Nous avions déjà surligné comme inutile il y a quelques jours l'amendement apporté par les sénateurs devant permettre d'atténuer la responsabilité pénale des élus locaux en cas de contamination durant le déconfinement. Le Conseil constitutionnel nous a donné raison.

Nous avions surligné comme inutile l’amendement apporté par les sénateurs à la loi Fauchon de 2000 (nouvel article L 3136-2 du code de la santé publique), tendant à exonérer les élus locaux de toute responsabilité pénale en cas de contamination durant le déconfinement, sauf faute grave ou négligence délibérée. Inutile car l’article 121-3 du code pénal est déjà appliqué par les juges en tenant compte des réalités auxquelles les élus locaux sont confrontés au quotidien.

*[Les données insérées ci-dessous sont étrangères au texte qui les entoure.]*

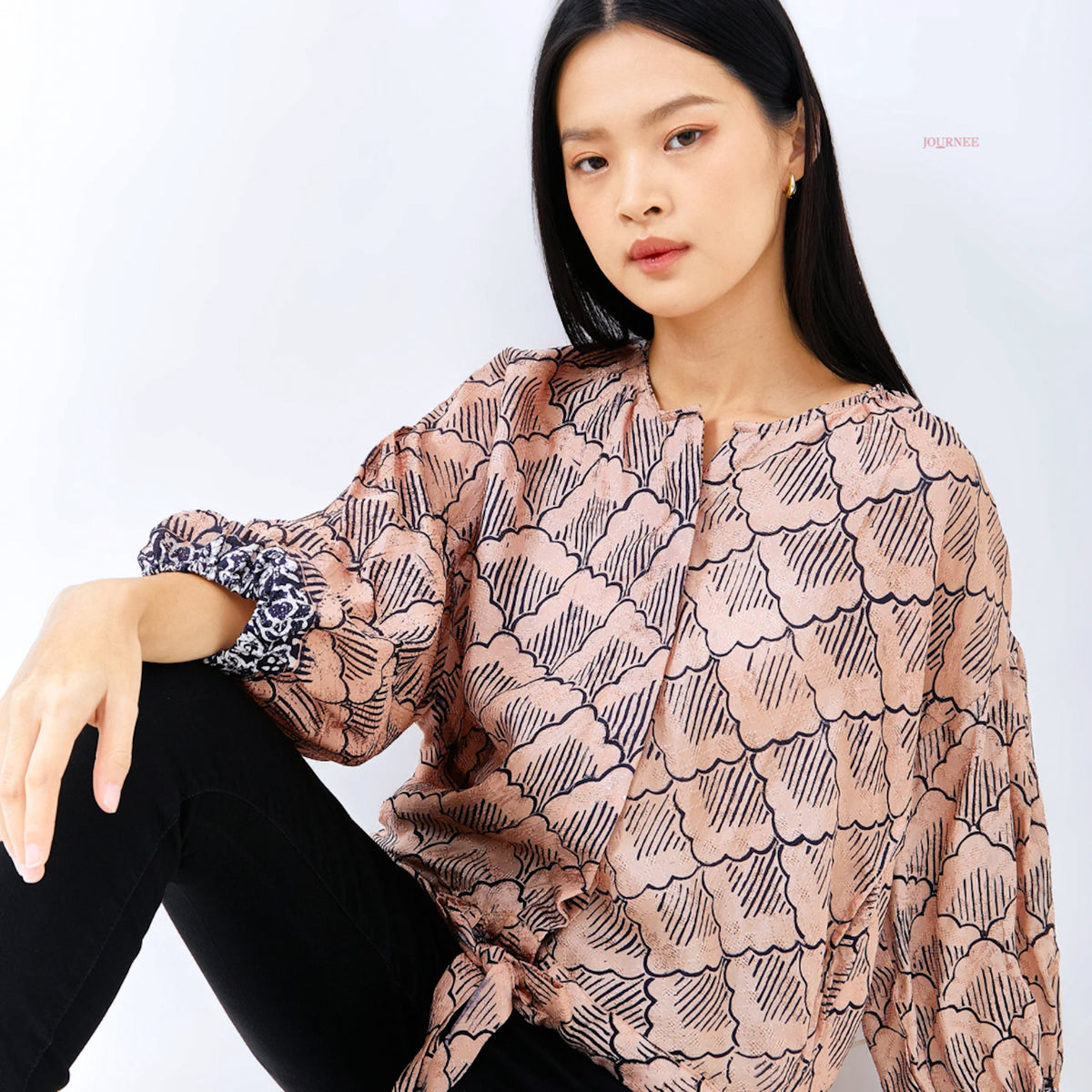 Aloria Batik Outer/Top Viscose Sisik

Le Conseil constitutionnel vient de valider cet article L. 3136-2… en disant qu’il n’apportait rien ! Ainsi, selon le Conseil constitutionnel, « Les dispositions (de l’article L. 3136-2) ne diffèrent pas de celles de droit commun et s’appliquent de la même manière à toute personne ayant commis un fait susceptible de constituer une faute pénale non intentionnelle ». Et comme la loi existante (« le droit commun ») était déjà conforme à la Constitution, l’article L. 3136-2, qui ne fait que répéter cette loi existante, ne peut qu’être conforme à la Constitution. C’est paradoxalement cette inutilité qui a sauvé le texte, car sinon il aurait été censuré en tant qu’il crée une inégalité devant la justice pénale au profit de certaines personnes.